Timing and Performance

In order to use allocated CPU time efficiently, it is in your best interest (and ours) that some effort be expended in ensuring that your code is well tuned and free of computational bottlenecks to the extent possible. When portions of code are poorly implemented, performance will suffer. You can determine where your computational bottlenecks lie by timing and profiling your code. You can also time your programs to determine the speedup of one version of your code relative to another version.

There are many ways to collect timing information for a code. Some methods measure the overall time of a program. Other methods perform more fine grained measurements and record the amounts and proportions of time spent in various parts of a program (in various functions, subroutines or other user instrumented sections of code). Some of these methods are intrusive and require that changes be made to the code to collect the timing information, while others do not require modifications to code. Some methods are also more portable across platforms than others. This means that if you want to collect timing information for a certain code on different platforms (SGI vs. IBM for instance) you may want to use a method or technique that will apply in both environments without requiring you to re-instrument your code.

When timing code for the purpose of determinig speedup, a simple formula can be used. Suppose T and T_opt refer to time measurements of your code clocked correspondingly for one version of the code versus another (say, an optimized or a parallelized version). Then we define

Speedup S = T / T_opt

as an indicator (NOT the only one!) of code performance. Under different circumstances T and T_opt represent different types of time. The various types of time are defined as follows:

Type Description
user the amount of CPU time used by the user's program
sys the amount of CPU time used by the operating system in support of the user's program
cpu the total CPU time (user + sys)
wall the wall clock time (also known as "real time")

Typically the cpu time and the wall clock time for a program on any machine will differ, unless the system is idle or there is insignificant system usage (for instance, little or no disk usage from I/O operations or no swapping/paging). A program that spends most of its time using CPU cycles is said to be "CPU bound". A program that relies heavily on performing reads and writes to disk, on the other hand, is said to be "I/O bound".

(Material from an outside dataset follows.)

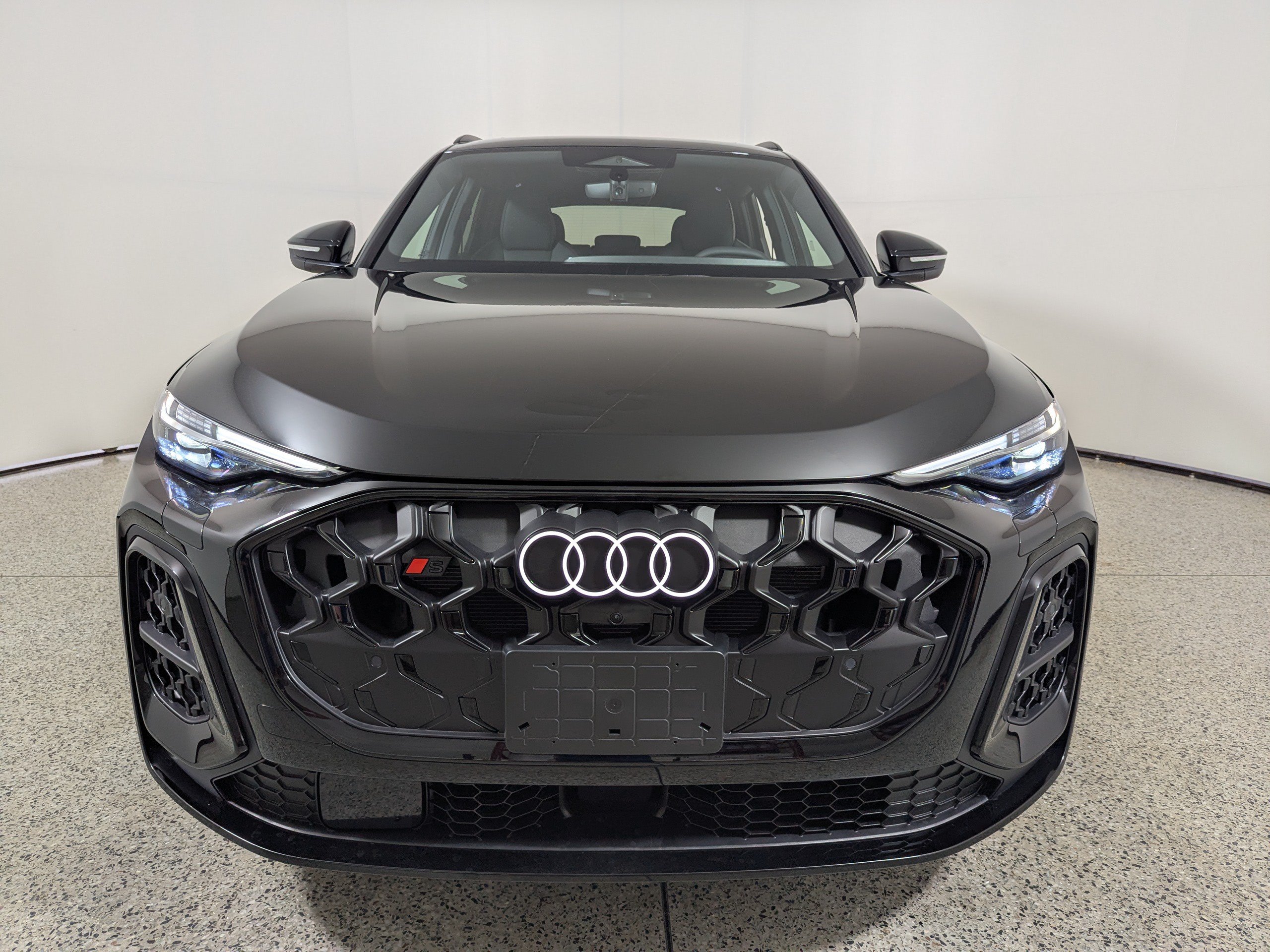 New 2026 Audi SQ5 Premium Plus AWD/4WD image 2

In the case of serial code that is also predominantly CPU bound, it is appropriate for T and T_opt to be elapsed cpu times. However, when the execution profile of a code is not predominantly CPU bound, real time (wall-clock) for T and T_opt is in many cases the best way to go. When measuring parallel performance, T and T_opt should represent real time measurements. In this case, T is the best 1-cpu measurement, while T_opt is the real time performance of the parallelized version. Under all cases it is best that time measurements be repeated several times, especially on a busy system. Among a series of mesurements for the same code use the one with the smallest time value.

Timing Methods

Below we list some utilities and routines for carrying out time measurments, and after that illustrate their use. Further below, we show one way of doing basic code profiling.

Routine Source Result Type Approximate
Resolution
(microseconds)
Approximate
Overhead
(microseconds)
gettimeofday OS wall 1 0.3
rtc OS (AIX) cpu 0.1 0.2
SYSTEM_CLOCK2 XL Fortran wall 1 1
dtime_, etime_ XL Fortran any 10000 1
CPU_TIME XL Fortran any 10000 1
clock_gettime OS wall 1 0.3
clock OS cpu 10000 0.8
times OS user, sys 10000 0.2
getrusage OS user, sys 10000 0.9
  1. Determined on p690 running AIX5.1 with 64 bit kernel and 32 and 64 bit binaries. This information was obtained from NCSA's website.
  2. Need to compile with the -qsclk=micro compiler switch.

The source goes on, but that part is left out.